Так вот. В двадцать четыре часа командира истребительного прикрытия расстреляли полевым трибуналом. Потому что был такой приказ. Не имеет права отлучаться ни при каких обстоятельствах.

Охранять ценой собственной жизни! А мы ведь еще не все зарулили и замаскировались. Все – нарушение приказа, бросил, понесли потери, виноват, — расстрел. А что вылет был на пределе их радиуса действия, что они на последних каплях горючего домой сели – это никого не интересовало.

Вот так вот. Кто это напишет…

А меня сбивали. Два раза. И оба раза – над территорией, занятой противником. Дважды выходил к своим. И все еще хорошо обошлось.

Потому что во второй раз я находился на оккупированной территории двадцать восемь суток.

А вы, дорогой, сейчас ведь не представляете, что это было такое – «находился на оккупированной врагом территории»…

Вот только один случай, который произошел с моим другом, из нашей же эскадрильи… а ведь мы еще на почтовых вместе летали.

ГЛАВА ТРЕТЬЯ

— Его сбили в самые первые дни войны.
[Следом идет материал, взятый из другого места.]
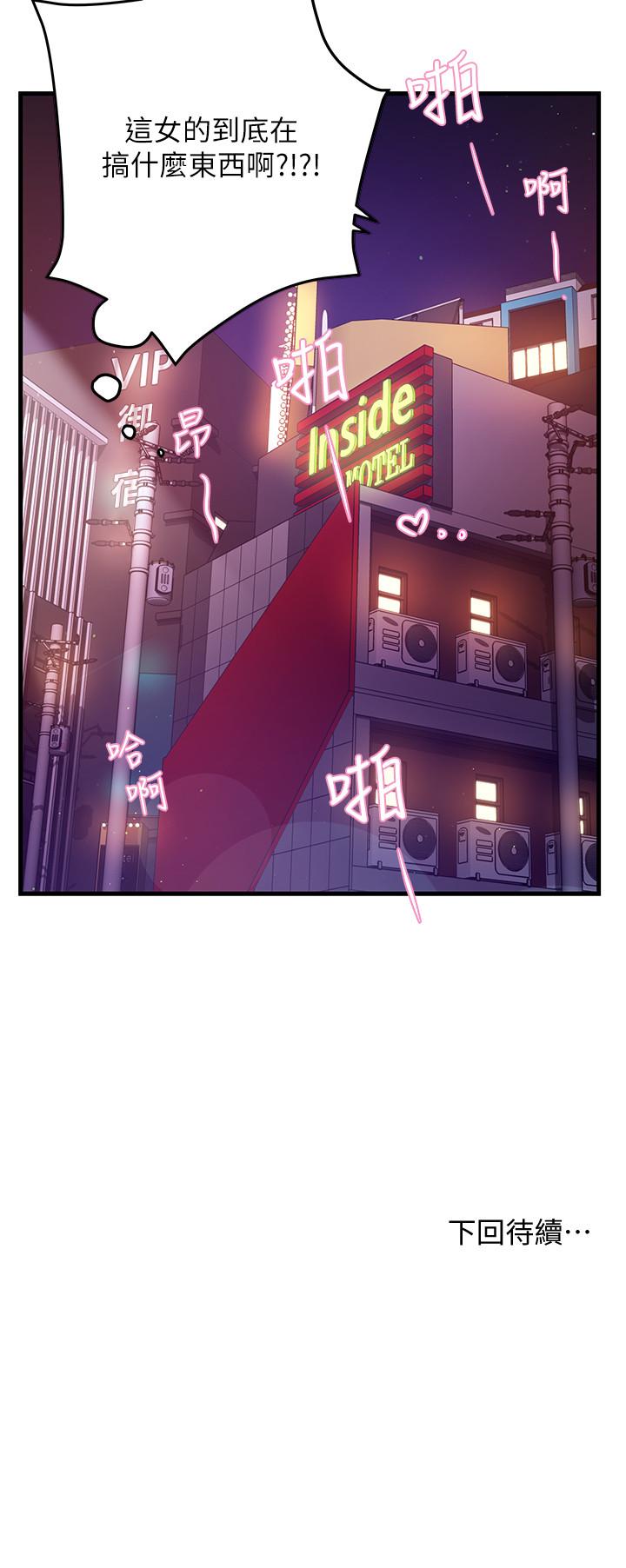 霸道主管要我IN[h漫]韩漫全集-霸道主管要我IN-第2話-上司的私人要求无删减无遮挡章节图片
Выбросился с парашютом и тут же был захвачен в плен.

Ну, документов мы ведь с собой не брали. Партбилет сдаешь перед вылетом замполиту, удостоверение личности – командиру строевой части. Так что он сказался бортмехаником – не командир, летающий рабочий, чего там, — для спокойствия, чтоб не расстреляли.
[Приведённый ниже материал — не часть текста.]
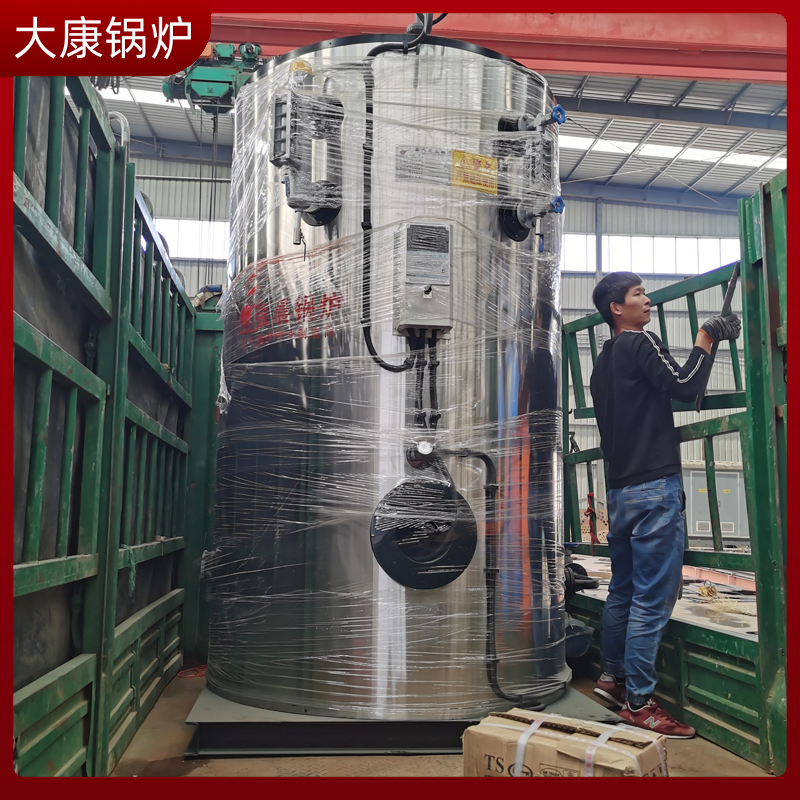 生物质2吨mk(中国)一站式服务官方网站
Попал в лагерь. Потом немцы начали из лагеря отбирать квалифицированных рабочих для разных своих нужд. И он попал на работу туда, куда только мечтать мог – на аэродром. И там среди таких же пленных обслуживал Ю-восемьдесят седьмые.

Конечно, немцы всю работу строго контролировали и проверяли. Возможность любого саботажа была исключена. Перед вылетом все смотрит немец, старший механик. Что заметит такое – расстрел тут же.

Работали.

И он все вынашивал идею улететь к своим на немецком самолете. До кабины пленных не допускали.